タイ各地の稲作にまつわる歌や行事を集めた記録映像。雨乞いから派生したというロケット祭の花火が日本じゃ絶対許されないようなスゴい代物で驚く。しかし、『稲作ユートピア』のようなストイックに作り込んだ作品を期待しただけに、散漫に感じてしまった。


●『コンクリートの雲』(13)リー・チャータメーティクン監督

‘97年、タイバーツ暴落。父親自殺の報を受け、NYに住んでいたマットは葬儀のためバンコクへ里帰りする。引きこもりがちな弟ニック、元カノのサーイに会い、忘れていた感情を呼び覚ます。当時の流行歌・カラオケ映像が感傷的。(カラオケ映像に弟ニックが役者として映っている)ただ、ファッションなど時代性を知らないとその微妙な差異が伝わらないかもしれない。90年代のタイを知る者は切なく胸に迫るはず。処分しようかと思ってた90年代のタイポップのカセットテープ、やっぱりとっておこう。監督は『ブンミおじさんの森』『ワンダフル・タウン』などの名編集で知られる。確かに、切り返しショットなど、目を見張るものがあった。

●『36のシーン』(12)ナワポン・タムロンラタナリット監督☆

素晴らしい作品だった。

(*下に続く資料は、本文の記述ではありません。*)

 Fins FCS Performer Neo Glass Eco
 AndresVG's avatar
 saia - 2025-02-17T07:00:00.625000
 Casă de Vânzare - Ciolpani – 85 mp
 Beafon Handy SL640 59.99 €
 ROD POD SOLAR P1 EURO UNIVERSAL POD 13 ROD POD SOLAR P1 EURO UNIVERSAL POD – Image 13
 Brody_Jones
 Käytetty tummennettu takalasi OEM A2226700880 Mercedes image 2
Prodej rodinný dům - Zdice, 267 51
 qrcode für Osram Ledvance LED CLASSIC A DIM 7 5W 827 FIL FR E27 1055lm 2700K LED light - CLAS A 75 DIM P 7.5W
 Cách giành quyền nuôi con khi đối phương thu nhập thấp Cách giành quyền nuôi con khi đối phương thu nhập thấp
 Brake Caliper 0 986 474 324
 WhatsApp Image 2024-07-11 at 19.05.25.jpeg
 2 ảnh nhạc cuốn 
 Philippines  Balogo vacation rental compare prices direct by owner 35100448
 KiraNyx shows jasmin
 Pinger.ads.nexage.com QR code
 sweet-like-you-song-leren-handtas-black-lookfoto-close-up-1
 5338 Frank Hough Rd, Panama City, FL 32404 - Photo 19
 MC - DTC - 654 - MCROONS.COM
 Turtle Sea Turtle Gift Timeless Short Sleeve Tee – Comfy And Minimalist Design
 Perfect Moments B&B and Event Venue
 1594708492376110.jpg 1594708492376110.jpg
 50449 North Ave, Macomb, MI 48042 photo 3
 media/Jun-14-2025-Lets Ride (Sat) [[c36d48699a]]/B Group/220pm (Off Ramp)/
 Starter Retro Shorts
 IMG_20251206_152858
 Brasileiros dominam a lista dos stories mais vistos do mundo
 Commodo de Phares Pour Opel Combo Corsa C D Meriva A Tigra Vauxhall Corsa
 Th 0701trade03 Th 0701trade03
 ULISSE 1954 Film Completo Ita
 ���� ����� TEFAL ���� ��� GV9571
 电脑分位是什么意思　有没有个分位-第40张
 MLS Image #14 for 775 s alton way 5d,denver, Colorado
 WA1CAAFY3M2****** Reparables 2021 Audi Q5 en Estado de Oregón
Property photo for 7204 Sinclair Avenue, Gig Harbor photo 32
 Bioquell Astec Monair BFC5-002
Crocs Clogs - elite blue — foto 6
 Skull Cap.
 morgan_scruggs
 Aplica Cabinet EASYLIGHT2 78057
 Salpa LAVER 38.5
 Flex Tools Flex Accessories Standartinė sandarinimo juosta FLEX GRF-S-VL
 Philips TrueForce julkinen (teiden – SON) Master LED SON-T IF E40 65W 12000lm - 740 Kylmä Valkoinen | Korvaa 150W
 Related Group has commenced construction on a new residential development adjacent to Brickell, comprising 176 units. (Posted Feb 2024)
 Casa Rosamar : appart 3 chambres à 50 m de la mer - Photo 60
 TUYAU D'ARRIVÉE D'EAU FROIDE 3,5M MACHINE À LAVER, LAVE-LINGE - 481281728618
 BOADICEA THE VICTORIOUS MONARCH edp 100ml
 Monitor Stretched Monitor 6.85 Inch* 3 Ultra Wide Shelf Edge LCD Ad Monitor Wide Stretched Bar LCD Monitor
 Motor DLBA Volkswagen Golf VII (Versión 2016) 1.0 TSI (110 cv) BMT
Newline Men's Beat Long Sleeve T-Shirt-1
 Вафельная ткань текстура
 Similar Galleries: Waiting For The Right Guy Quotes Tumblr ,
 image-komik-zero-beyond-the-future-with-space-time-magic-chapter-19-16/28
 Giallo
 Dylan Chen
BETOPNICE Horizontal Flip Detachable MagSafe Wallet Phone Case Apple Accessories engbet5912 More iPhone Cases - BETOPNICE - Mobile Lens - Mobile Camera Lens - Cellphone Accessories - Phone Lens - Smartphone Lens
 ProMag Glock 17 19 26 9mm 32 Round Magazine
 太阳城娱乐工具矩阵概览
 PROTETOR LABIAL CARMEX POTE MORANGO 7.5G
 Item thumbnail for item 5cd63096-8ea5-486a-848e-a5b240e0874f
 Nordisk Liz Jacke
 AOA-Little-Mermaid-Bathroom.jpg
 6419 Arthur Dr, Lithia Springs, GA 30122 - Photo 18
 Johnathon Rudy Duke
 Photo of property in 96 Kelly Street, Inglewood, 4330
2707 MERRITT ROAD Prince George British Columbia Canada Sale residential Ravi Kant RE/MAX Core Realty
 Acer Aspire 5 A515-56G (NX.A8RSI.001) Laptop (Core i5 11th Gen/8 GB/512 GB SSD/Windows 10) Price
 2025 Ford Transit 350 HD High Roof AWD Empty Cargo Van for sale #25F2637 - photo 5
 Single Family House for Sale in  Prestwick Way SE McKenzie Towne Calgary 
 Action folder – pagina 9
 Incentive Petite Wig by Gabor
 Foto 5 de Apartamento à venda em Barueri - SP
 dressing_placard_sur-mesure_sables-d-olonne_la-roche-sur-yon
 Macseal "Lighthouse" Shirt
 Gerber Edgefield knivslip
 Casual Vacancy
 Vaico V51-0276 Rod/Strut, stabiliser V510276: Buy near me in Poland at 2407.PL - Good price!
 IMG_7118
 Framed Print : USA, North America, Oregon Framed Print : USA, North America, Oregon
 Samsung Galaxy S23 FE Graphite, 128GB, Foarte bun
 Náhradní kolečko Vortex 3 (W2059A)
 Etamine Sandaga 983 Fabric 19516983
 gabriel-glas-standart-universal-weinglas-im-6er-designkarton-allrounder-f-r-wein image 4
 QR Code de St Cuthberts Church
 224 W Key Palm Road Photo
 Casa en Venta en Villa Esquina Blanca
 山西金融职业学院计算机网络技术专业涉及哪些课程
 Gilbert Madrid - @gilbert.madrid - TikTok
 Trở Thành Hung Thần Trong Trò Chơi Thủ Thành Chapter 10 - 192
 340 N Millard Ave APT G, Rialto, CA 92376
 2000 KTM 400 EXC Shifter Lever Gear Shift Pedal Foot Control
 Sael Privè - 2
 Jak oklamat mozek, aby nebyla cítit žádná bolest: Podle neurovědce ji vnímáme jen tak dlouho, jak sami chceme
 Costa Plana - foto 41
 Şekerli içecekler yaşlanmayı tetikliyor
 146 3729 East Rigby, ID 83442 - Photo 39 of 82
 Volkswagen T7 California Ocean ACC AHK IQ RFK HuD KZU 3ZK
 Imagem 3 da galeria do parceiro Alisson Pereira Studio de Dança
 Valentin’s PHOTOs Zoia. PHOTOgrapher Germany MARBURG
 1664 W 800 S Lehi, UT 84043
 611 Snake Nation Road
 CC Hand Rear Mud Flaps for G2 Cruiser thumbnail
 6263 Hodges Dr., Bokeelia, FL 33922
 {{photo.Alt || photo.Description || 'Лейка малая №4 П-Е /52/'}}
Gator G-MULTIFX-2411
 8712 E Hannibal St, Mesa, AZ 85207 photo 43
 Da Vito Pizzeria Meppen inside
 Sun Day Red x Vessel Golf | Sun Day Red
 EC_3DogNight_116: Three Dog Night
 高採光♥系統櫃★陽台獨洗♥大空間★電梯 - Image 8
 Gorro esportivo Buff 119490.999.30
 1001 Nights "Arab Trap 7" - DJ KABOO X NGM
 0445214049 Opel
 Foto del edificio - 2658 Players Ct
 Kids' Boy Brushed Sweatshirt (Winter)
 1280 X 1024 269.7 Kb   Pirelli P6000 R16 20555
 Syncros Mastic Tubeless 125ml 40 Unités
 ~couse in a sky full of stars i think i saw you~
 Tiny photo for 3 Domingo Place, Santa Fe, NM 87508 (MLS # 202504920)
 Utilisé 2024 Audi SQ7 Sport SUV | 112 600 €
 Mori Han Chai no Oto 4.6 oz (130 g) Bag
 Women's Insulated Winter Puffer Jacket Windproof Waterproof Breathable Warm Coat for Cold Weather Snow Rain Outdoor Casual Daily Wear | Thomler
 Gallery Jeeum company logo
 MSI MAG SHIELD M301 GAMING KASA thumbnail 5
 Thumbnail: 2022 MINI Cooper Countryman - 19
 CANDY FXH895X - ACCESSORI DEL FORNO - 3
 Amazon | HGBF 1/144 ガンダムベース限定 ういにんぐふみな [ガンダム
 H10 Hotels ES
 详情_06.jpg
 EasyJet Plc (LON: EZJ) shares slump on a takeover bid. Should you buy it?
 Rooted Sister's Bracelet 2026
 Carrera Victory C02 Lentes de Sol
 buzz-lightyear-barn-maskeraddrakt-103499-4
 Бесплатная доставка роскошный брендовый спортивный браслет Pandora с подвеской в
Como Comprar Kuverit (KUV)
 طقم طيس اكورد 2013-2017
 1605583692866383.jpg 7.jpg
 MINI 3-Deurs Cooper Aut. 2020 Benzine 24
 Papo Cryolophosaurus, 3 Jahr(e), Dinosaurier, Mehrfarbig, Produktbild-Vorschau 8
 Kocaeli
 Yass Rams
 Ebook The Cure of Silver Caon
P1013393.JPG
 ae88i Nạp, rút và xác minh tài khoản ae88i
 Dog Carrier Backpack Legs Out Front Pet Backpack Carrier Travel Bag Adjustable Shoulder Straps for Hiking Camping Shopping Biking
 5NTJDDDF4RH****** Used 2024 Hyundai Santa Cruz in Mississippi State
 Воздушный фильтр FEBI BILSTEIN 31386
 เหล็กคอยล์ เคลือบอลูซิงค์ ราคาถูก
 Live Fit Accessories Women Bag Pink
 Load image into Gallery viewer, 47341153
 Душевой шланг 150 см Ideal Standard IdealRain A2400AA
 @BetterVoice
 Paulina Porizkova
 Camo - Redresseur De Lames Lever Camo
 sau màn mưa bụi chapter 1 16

映画のロケハン係のサーイと美術係のウムが現場で出会ってからの月日を記憶の断片のような36のシーンで表現する。ウムは後ろ姿で、顔はほとんど映らない。かつて写真機で36枚撮りフィルムを使っていたときの経験がアイデアの基になっている。1枚1枚が時間や場所を異にしたり、成功した写真もあれば、失敗したものがあったり、現像しないまま月日が経っていたり・・・という36枚撮りフィルム写真の特性を、1シーン1カットの映像に置き変えた実験的手法。36の断片の中に、時の移ろいや、相手を想う事が見事に表現されていた。
監督2作目の『マリー・イズ・ハッピー』もこの作品のようにリアリズムで攻めた方が、この監督の持ち味が出たのではないだろうか?


残念ながらニティワット・タラトーン監督『先生の日記』(14)、大御所ノンスィー・ニミプット監督『タイムライン』(14)、オムニバス・ホラー『ラスト・サマー』(13)は見送る。